Swift - efficient array searching

Question

I am trying to find a way to search an Int array (all numbers are > 0) and identify sequences where the sum of each element is a specific number. One element can be in more than one sequence.

This works:

let input = [2, 52, 23, 52, 28, 47, 13, 15]
let target = 75

var result: [[Int]] = []

let count = input.count
var start = 0

while start < count {
    for index in start..<count {
        let temp = Array(input[start...index])
        let sum = temp.reduce(0, +)
        
        if sum == target {
            result.append(temp)
            break
        }
        
        if sum > target {
            break
        }
    }
    
    start += 1
}


print(result) // [[52, 23], [23, 52], [28, 47], [47, 13, 15]]

However, when the array gets longer and the target higher, it obviously slows down. For instance an array of 10000 elements and a target of 400 takes about 2 seconds. The above example takes 0.008 seconds.

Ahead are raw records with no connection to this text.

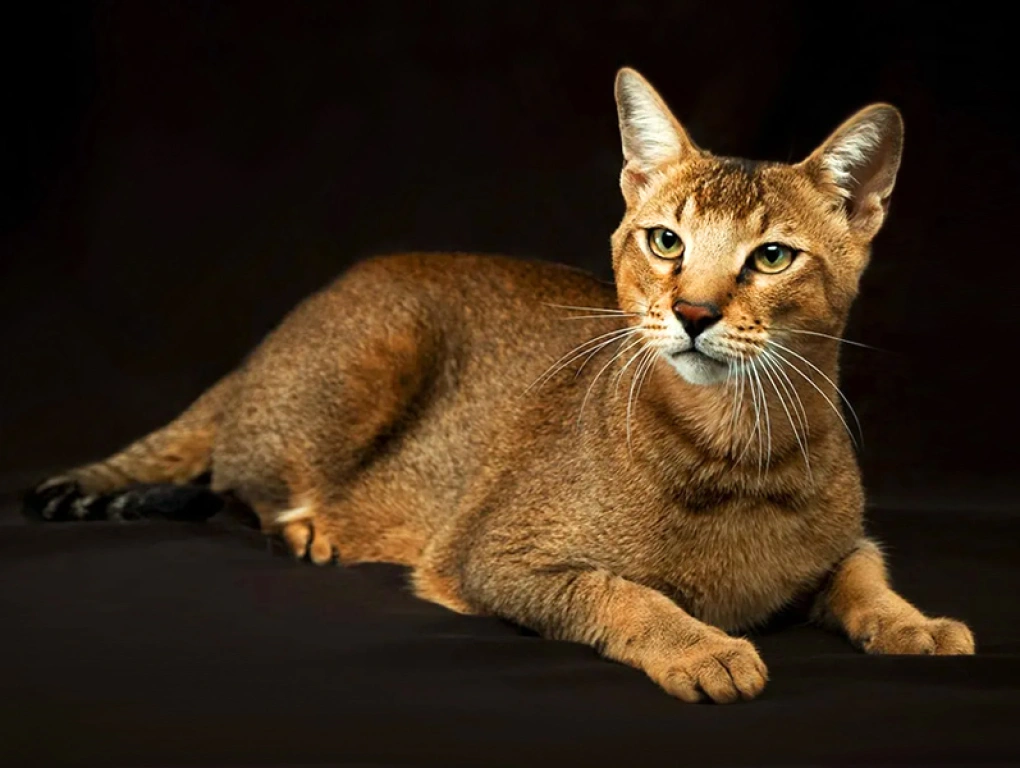 Чаузи кошка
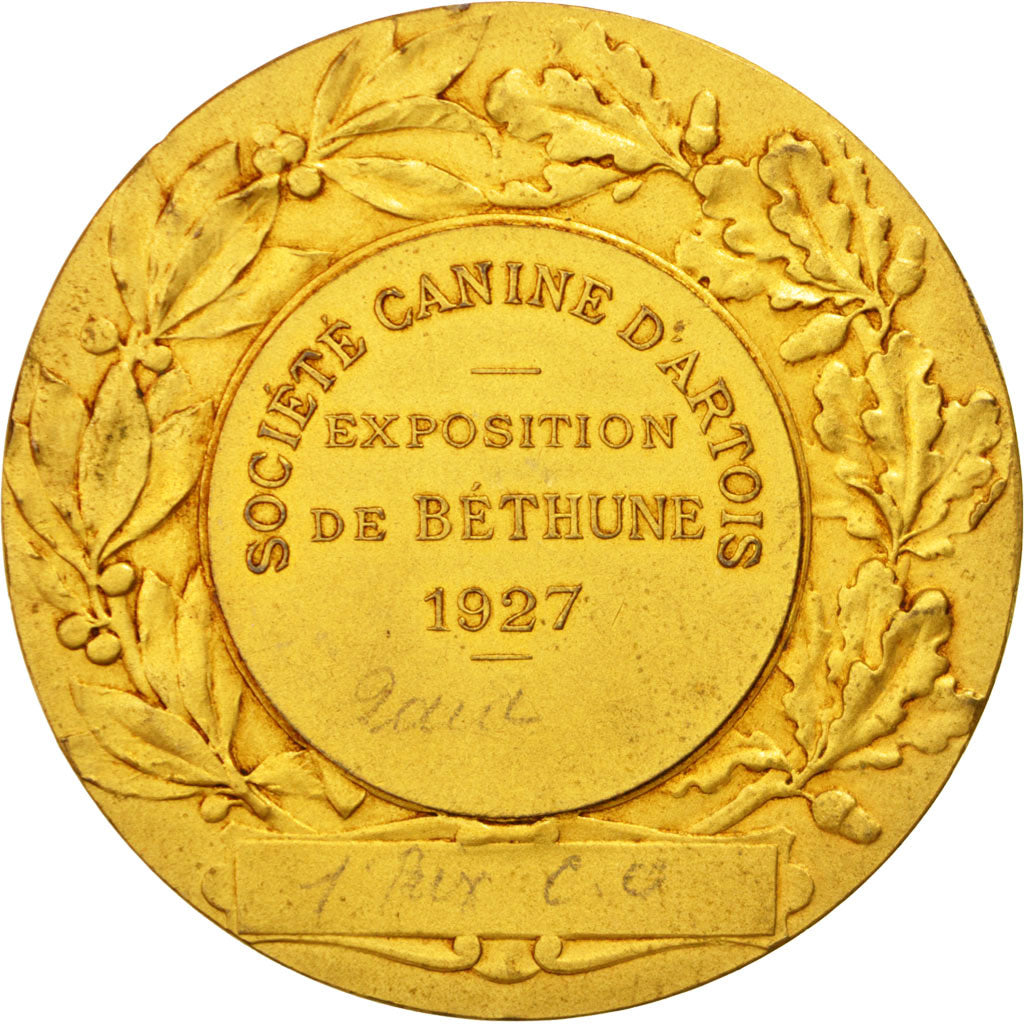 Frankrijk, Medal, French Third Republic, Sports & leisure, 1921, ZF+, Bronze
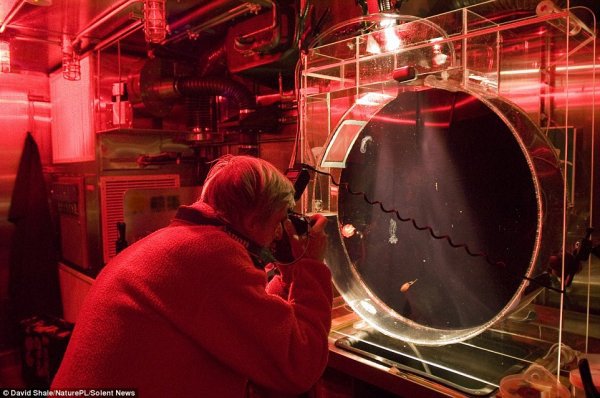 镜头下的神秘深海居民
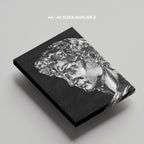 Statue of David Silver Chrome - Framed Canvas Wall Art Print | House Prints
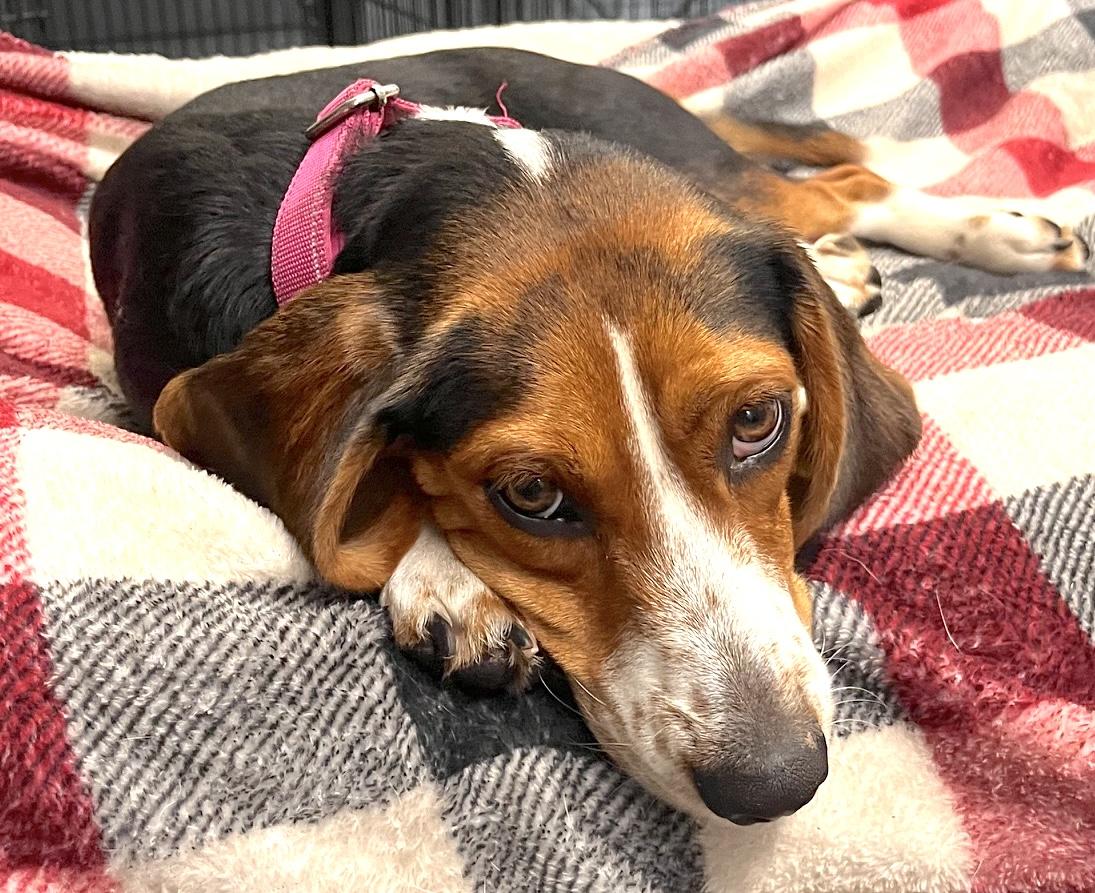 Dora, Adoptable, Adult Female Beagle.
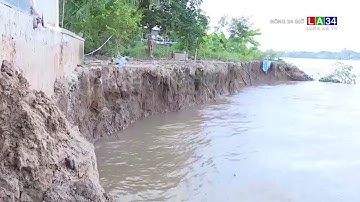 Đồng Tháp công bố tình huống khẩn cấp với sạt lở bờ sông Tiền | LONG AN TV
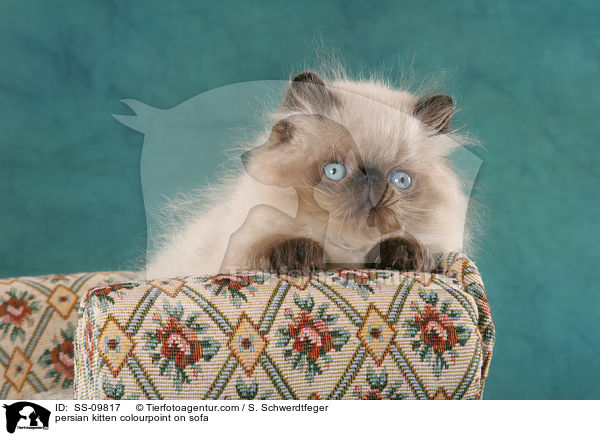 persian kitten colourpoint on sofa / SS-09817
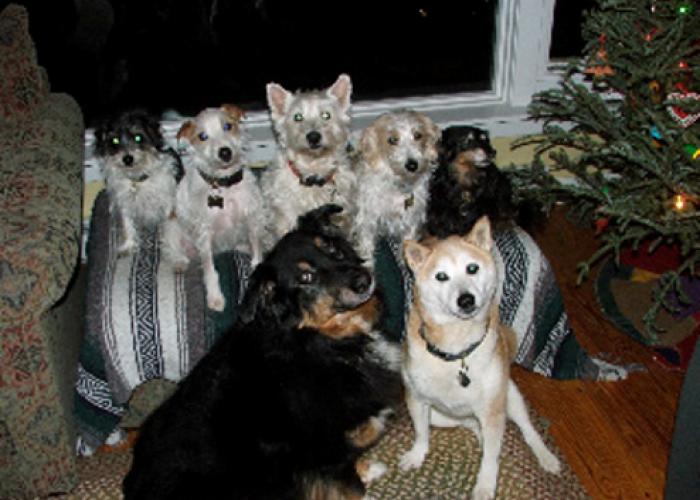 drake_dogs.jpg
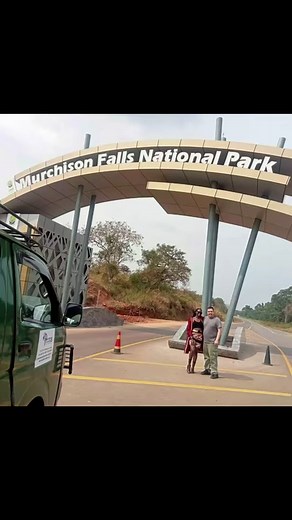 Still about day 1 of the 4-day thrilling tour to Murchison Falls National Park, our clients also went to the top of the falls. Standing at the top of Murchison Falls, you are immersed in a symphony of sights and sounds that move your soul. The powerful Nile River, East Africa's lifeline, thunders through a narrow fissure in the craggy environment before crashing over a precipice with astonishing force and intensity. As you get closer to the edge, the noise of the cascading water becomes more aud
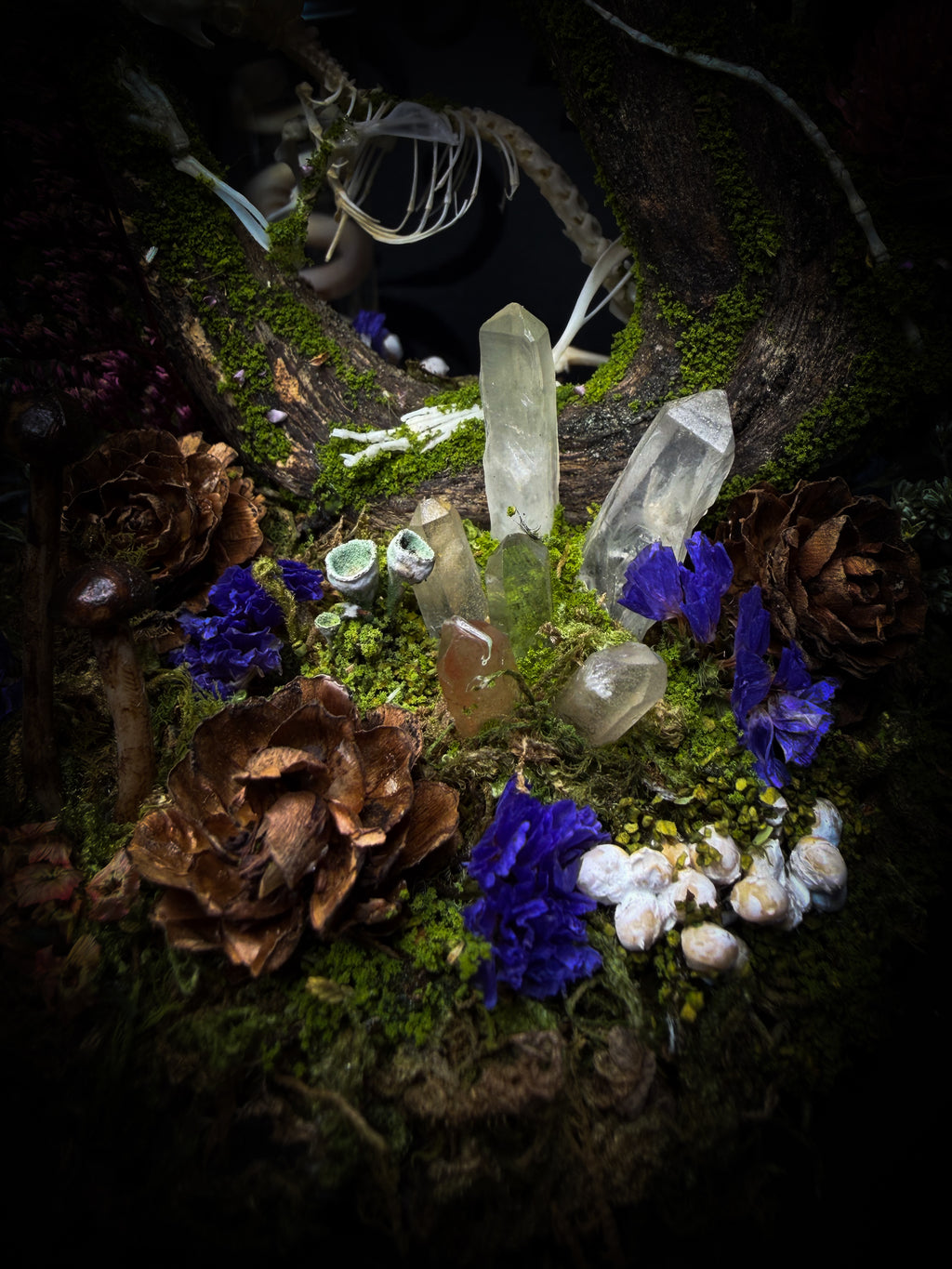The Bumblebee's Garden | handmade whimsical glass dome with real bumblebee, mouse skeleton, moss, pine cones, mushrooms, pink violet and white dried flowers | Morbid Oddities
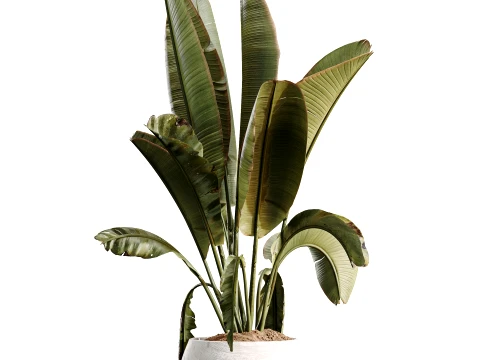 AV Indoor Plants Set 496 Yucca Banana Olive Ficus 3D Model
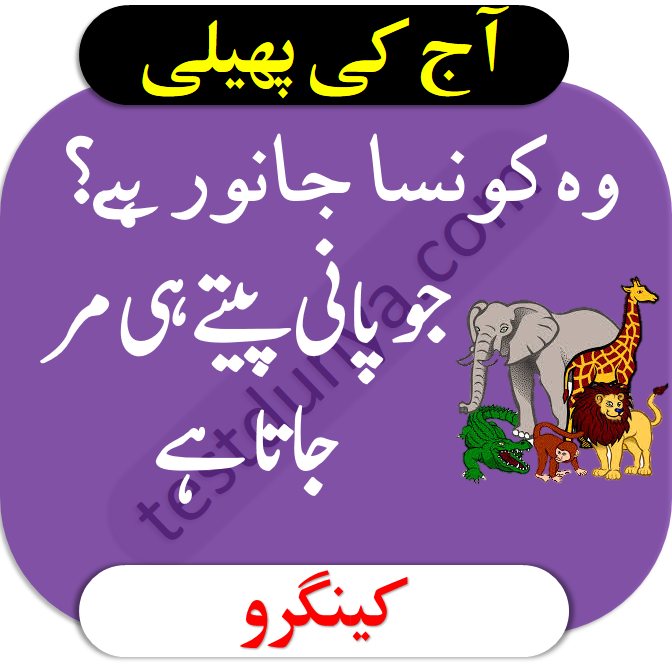 Riddles in Urdu for Kids with Answers 2020 • TestDunya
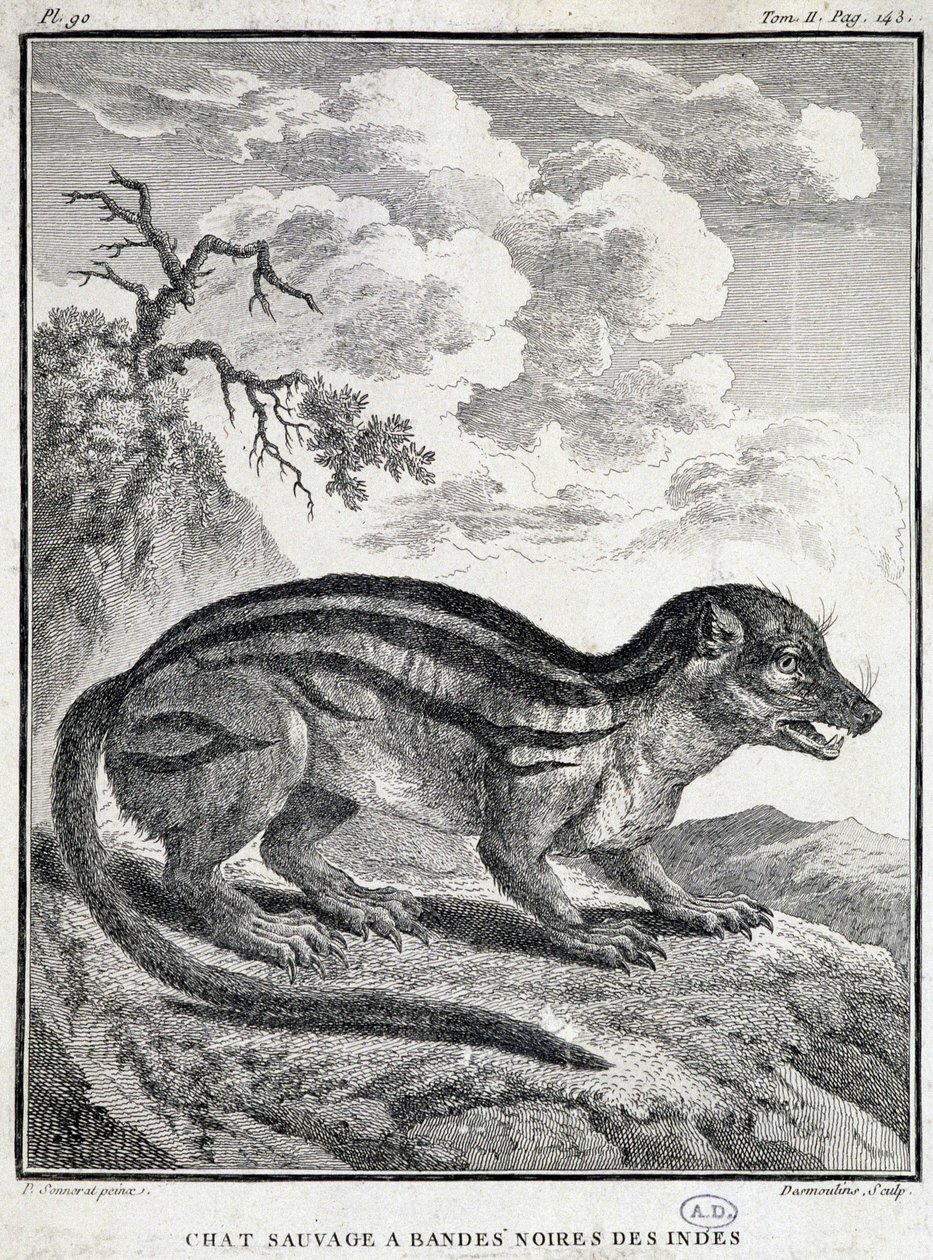 Gato salvaje indio de rayas negras de School French
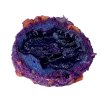 RAISIN PLUM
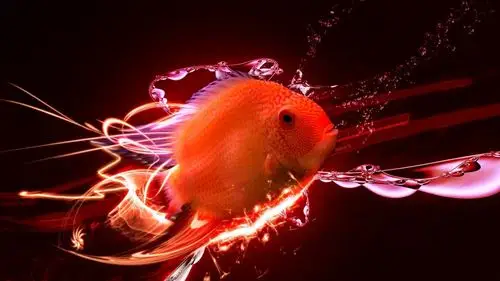 求卡通鱼儿的漂亮的水的壁纸_百度知道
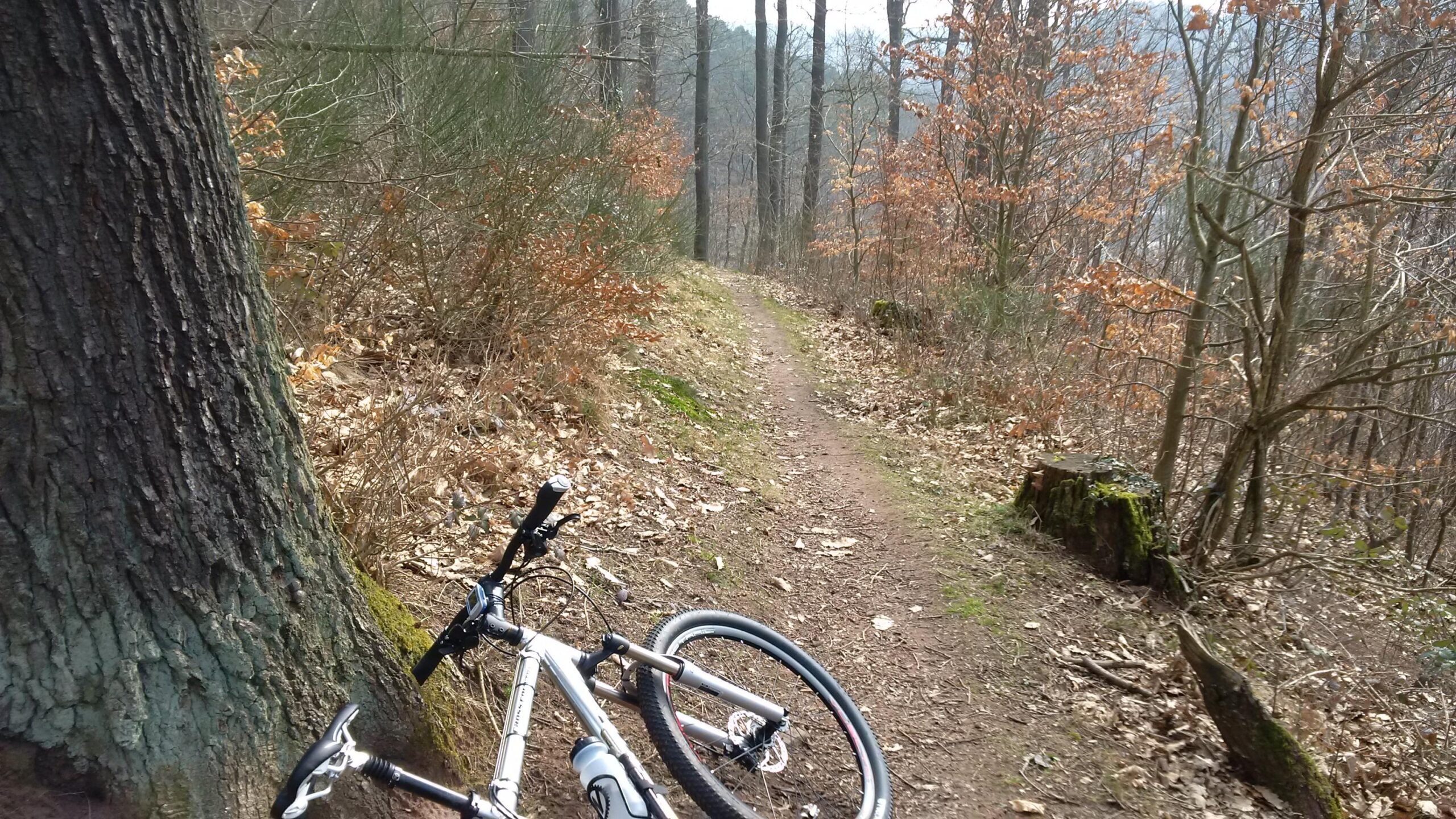 A silver mountain bike lying on its side next to a tree, with a dirt path winding through a forest. The scene features autumn foliage and fallen leaves, with trees in the background indicating a peaceful outdoor setting. Landstuhl Trail mountain bike trail.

Is there anyway I can improve on my code so that it doesn't slow down so much for larger arrays and targets?

Answer 1

Instead of putting everything into the “main” unit it is better to put the search algorithm in a dedicated function:

func subarrays(in input:[Int], withSum target: Int) -> [[Int]] {
    // ...
}

print(subarrays(in: [2, 52, 23, 52, 28, 47, 13, 15], withSum: 75))

That is clearer and allows to add test cases easily.

You use a while loop for iterating over the start index, and a for loop for iterating over the end index. I would use a for loop for both.

If the lower index is called start end the upper index is better called end (alternatively: startIndex, endIndex or lowIndex, highIndex).

Since all input numbers are positive, a target <= 0 can never be achieved, so one can check that case first.

You add the input numbers between start and end index with reduce(), which can be done directly on the array slice. This saves some array creations (which copy the elements).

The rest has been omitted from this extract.